Norwegian Air won’t need to ground its intercontinental service after all, following a decision by state aviation authorities on Friday to extend the airline’s special permission to operate its new long-haul, Irish-registered aircraft under its Norwegian license. Rival airline SAS objects, though, claiming the state is unfairly allowing Norwegian to avoid Norway’s laws.
State aviation authorities at Norway’s Luftfartstilsynet had earlier said they would not extend the dispensation granted to Norwegian Air for six months earlier this year. They now say they’re making an exception, since several factors have held up the Irish authorities’ issuance of an Irish Air Operator Certificate (AOC) that Norwegian needed for its new Irish-registered aircraft by December 23.

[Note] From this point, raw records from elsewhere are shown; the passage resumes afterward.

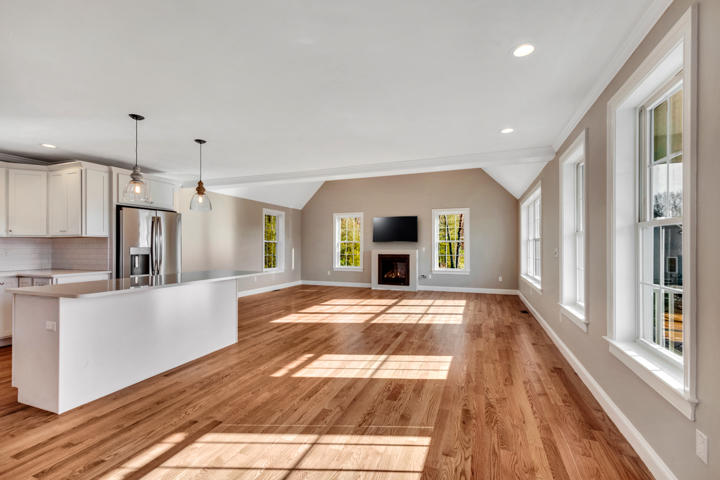 Images Rhodes Realty Associates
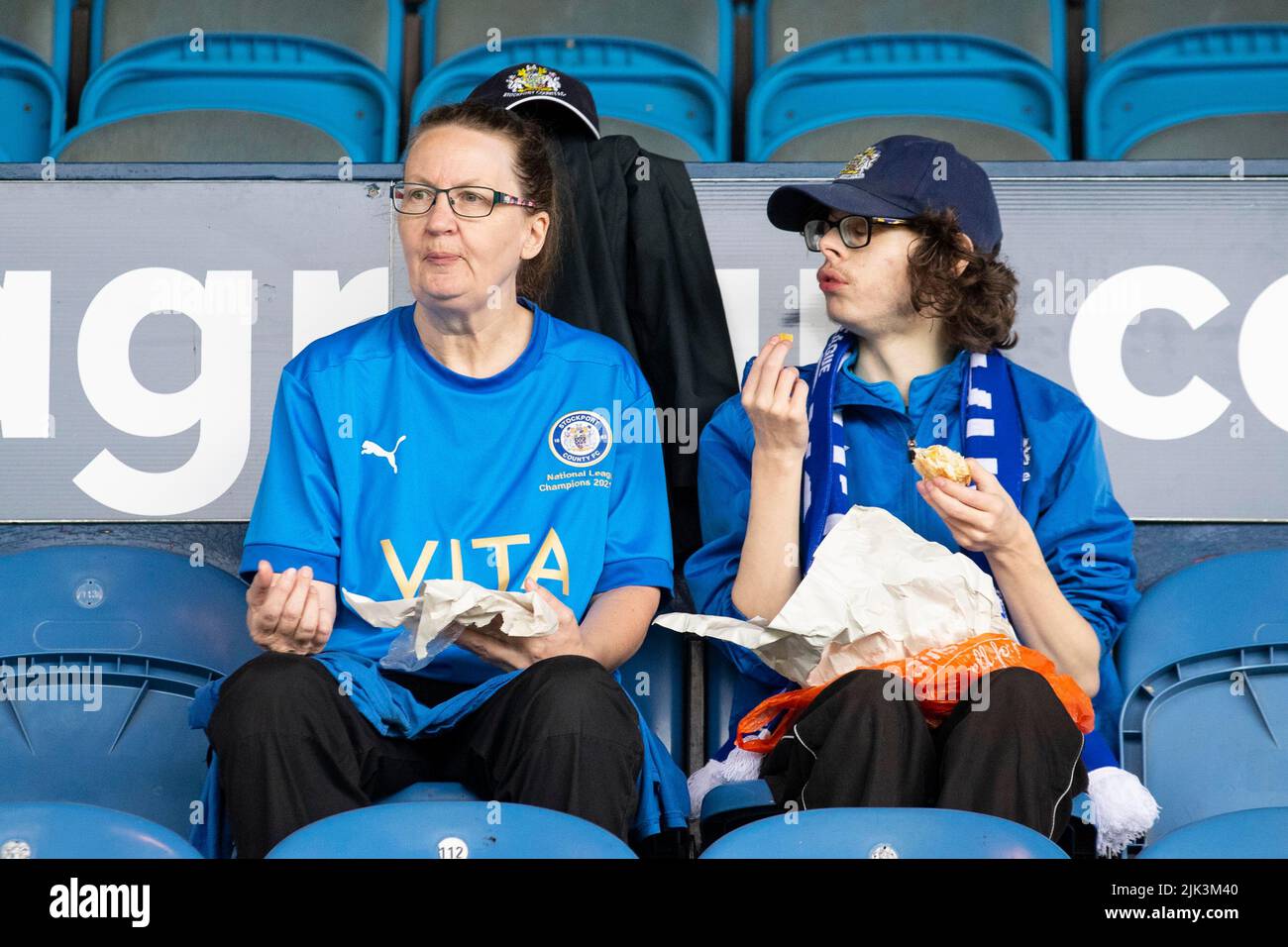 Stockport, Regno Unito. 30th luglio 2022. I tifosi della Stockport County durante la partita della Sky Bet League 2 tra la Stockport County e Barrow all'Edgeley Park Stadium di Stockport sabato 30th luglio 2022. (Credit: Mike Morese | MI News) durante la partita della Sky Bet League 2 tra Stockport County e Barrow all'Edgeley Park Stadium di Stockport sabato 30th luglio 2022. Foto Stock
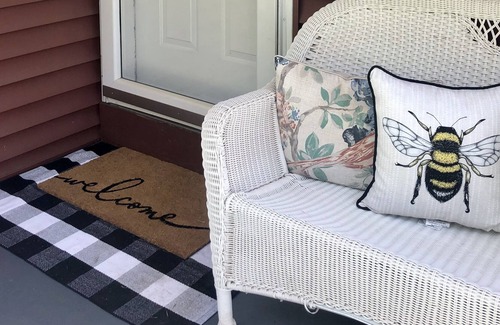 Trowbridge Park House | Sweet Cherry Oasis -Your Home away from Home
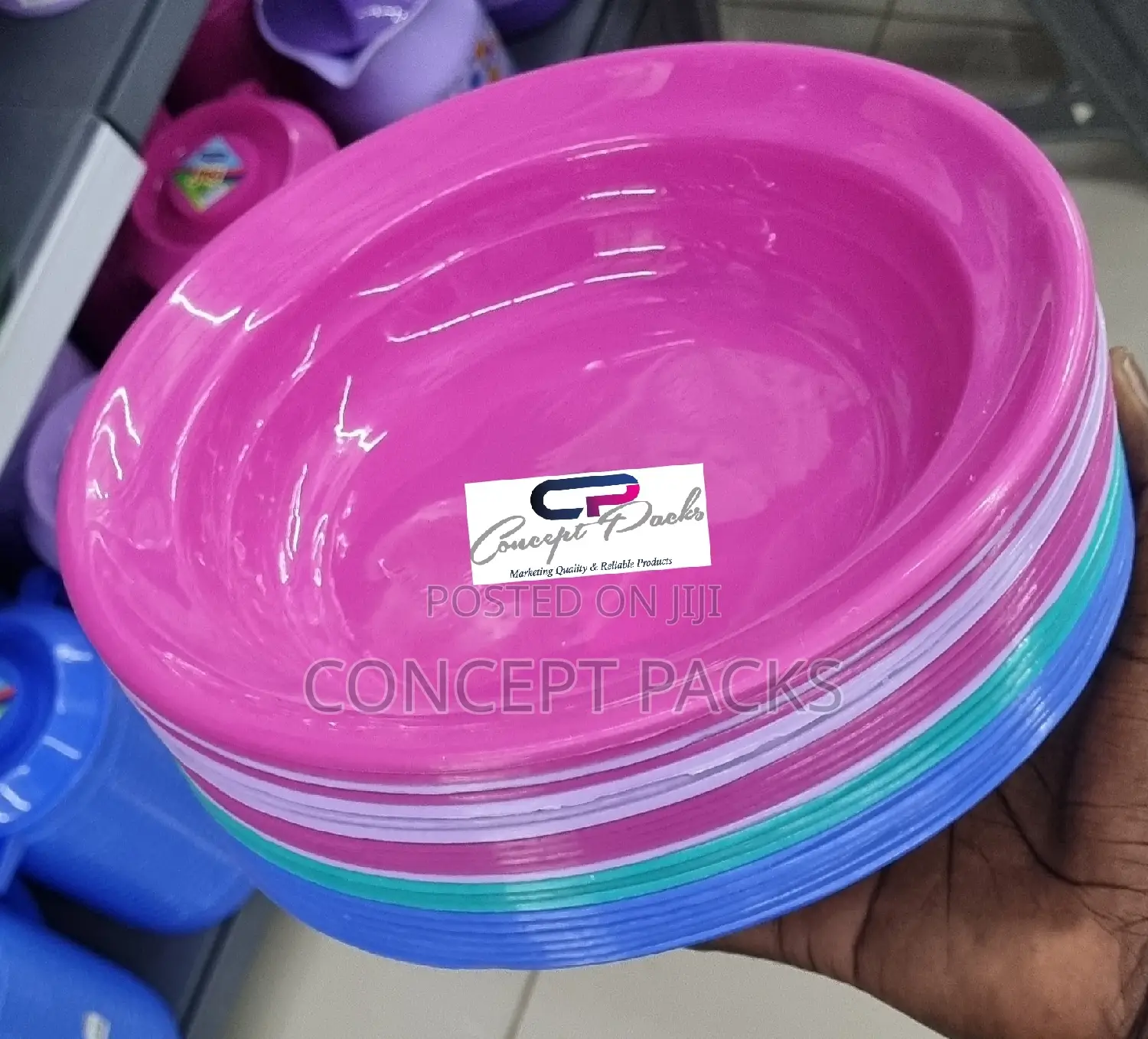 60pcs Assorted Round Plastic Plates.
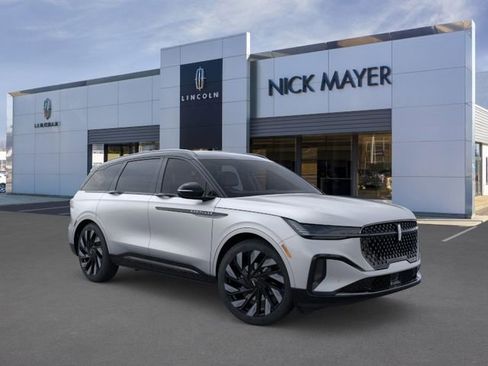 New 2025 Lincoln Nautilus Reserve w/ Jet Appearance Package image 8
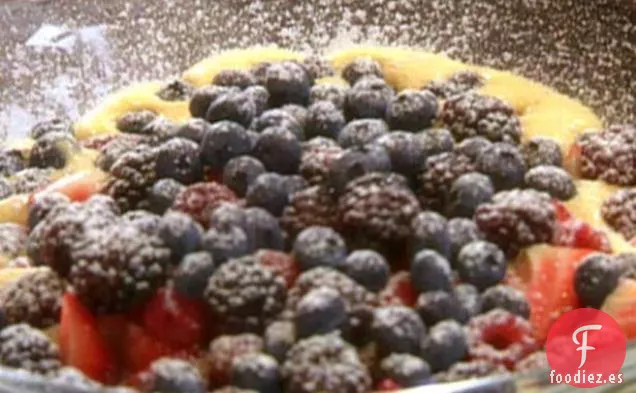 Sabayón de Limón con Bayas Silvestres Frescas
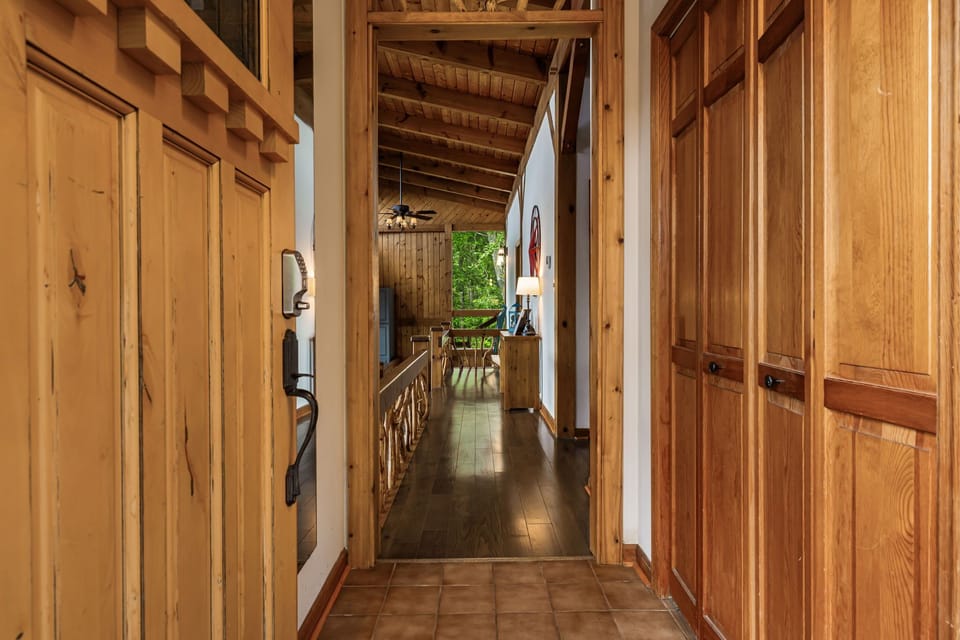 Come On In To Magnolia Mountain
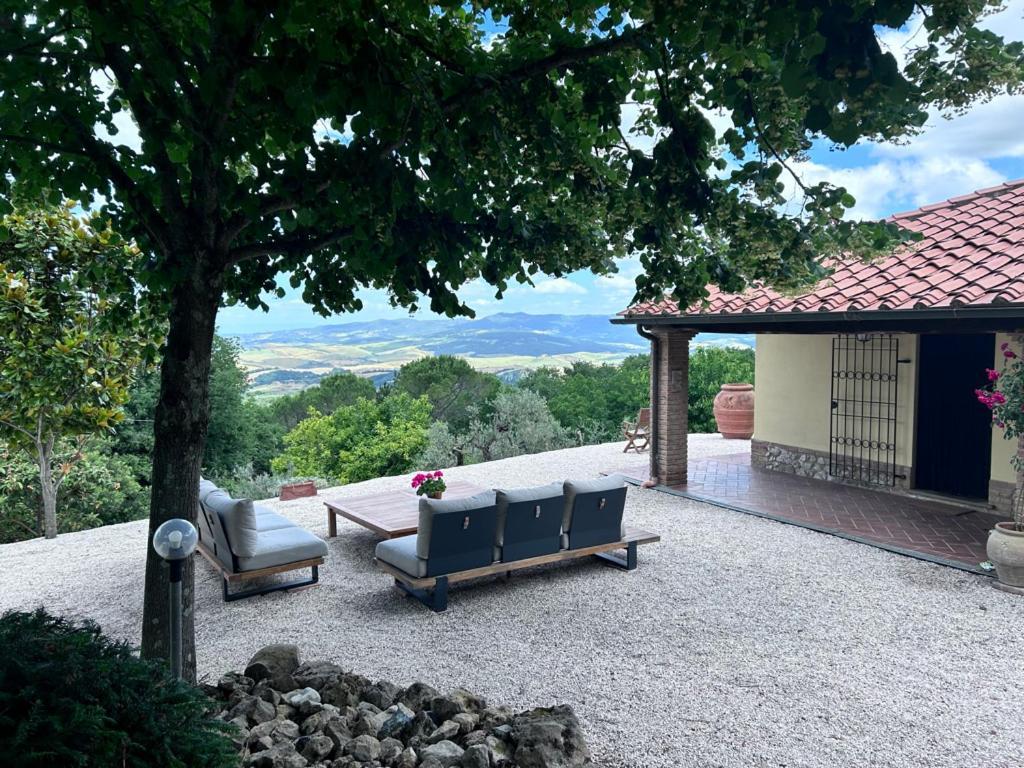 Casa Di Coraggio Villa Volterra Bagian luar foto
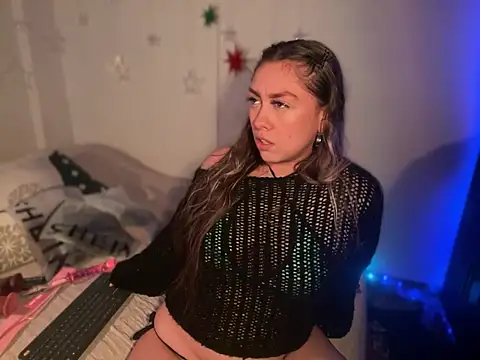 Snapshot of Im_sophiie chatting on January 4, 9:00 am Im sophiie online show from January 4, 9:00 am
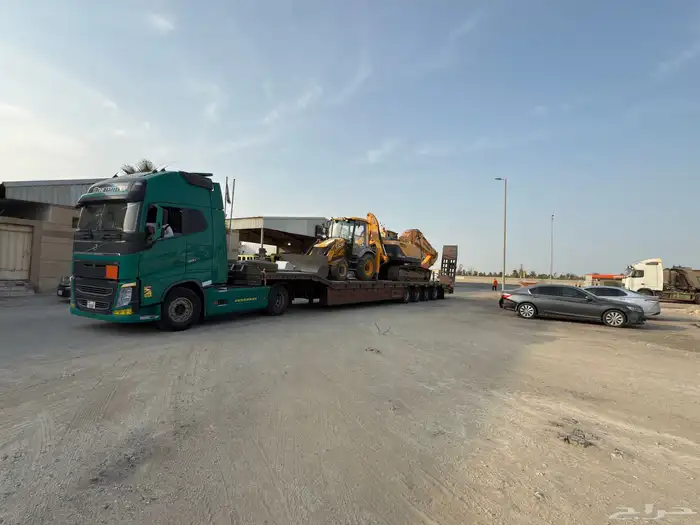 موجود لوبد في خميس مشيط لنقل المعدات ثقيلة 0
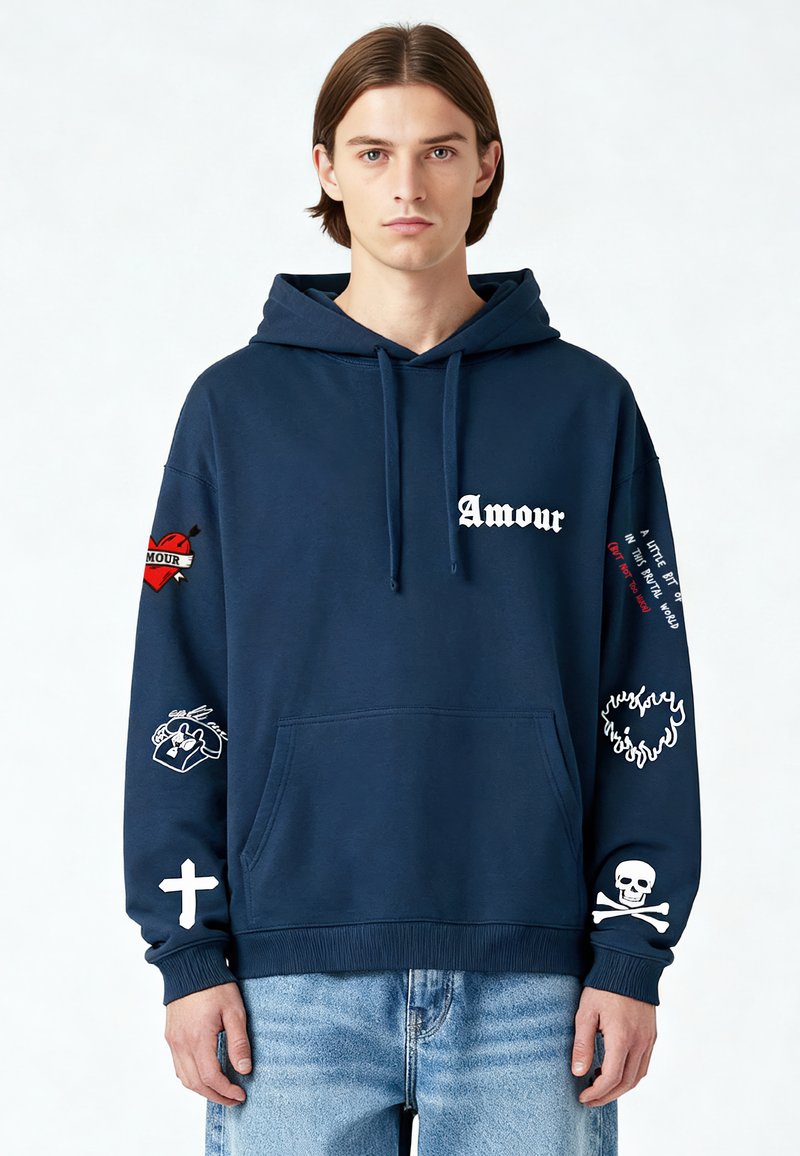 Sweat à capuche bleu marine avec une poche kangourou à l'avant, des impressions graphiques sur les manches et un cordon de serrage pour la capuche. Fabriqué en coton doux.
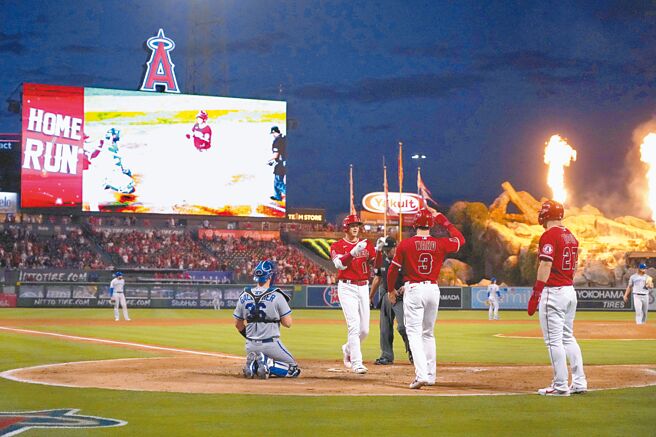 大谷翔平在6局下击出3分炮，回到本垒与队友击掌。（路透）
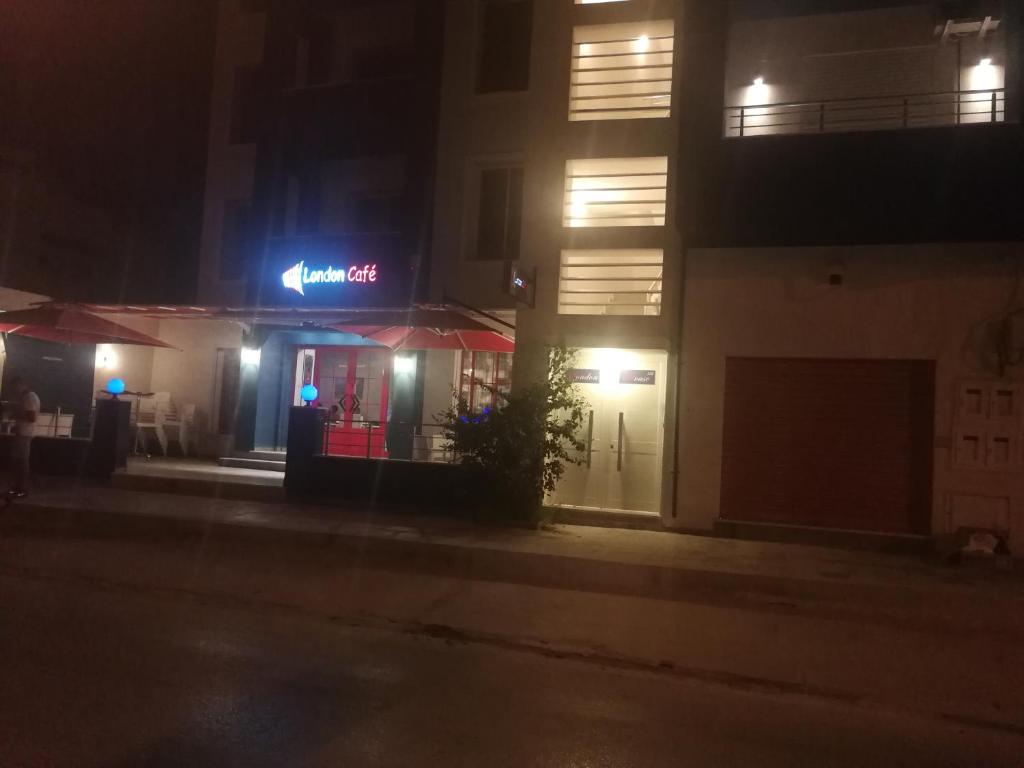 Budova, kde se aparthotel nachází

“Norwegian has done what they can to get the license within the allotted time,” Ole Martin Erikstad, judicial director for Luftfartstilsynet, told newspaper Dagens Næringsliv (DN). “We believed it was unnecessary to risk flight disruption because of a possible delay.”
The authorities have thus granted a four-month extension to Norwegian, to allow it to continue operating its new routes to Bangkok and the US even though the flights technically violate Norwegian law by using lower-paid Asian cabin crews. That’s what has upset SAS, which has claimed the state authorities are giving Norwegian an unfair competitive advantage.
“This just proves that it pays to avoid Norwegian law and find creative solutions,” Eivind Roald of SAS told DN. SAS now may file a complaint over the extension.